Extracted entries Start Marker

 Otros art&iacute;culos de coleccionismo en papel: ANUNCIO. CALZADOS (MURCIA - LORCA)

Extracted entries End Marker
Extracted entries Start Marker

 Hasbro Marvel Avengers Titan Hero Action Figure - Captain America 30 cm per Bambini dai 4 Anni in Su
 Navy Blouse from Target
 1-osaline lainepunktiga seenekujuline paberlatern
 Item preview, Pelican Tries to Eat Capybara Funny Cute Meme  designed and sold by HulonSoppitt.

Extracted entries End Marker

- What you need to do:
Scan the entries above for the line containing "1-osaline lainepunktiga seenekujuline", and copy it and all lines after it exactly, down to and including the line containing "Item preview, Pelican".

- Answer for the task:
 1-osaline lainepunktiga seenekujuline paberlatern
 Item preview, Pelican Tries to Eat Capybara Funny Cute Meme  designed and sold by HulonSoppitt.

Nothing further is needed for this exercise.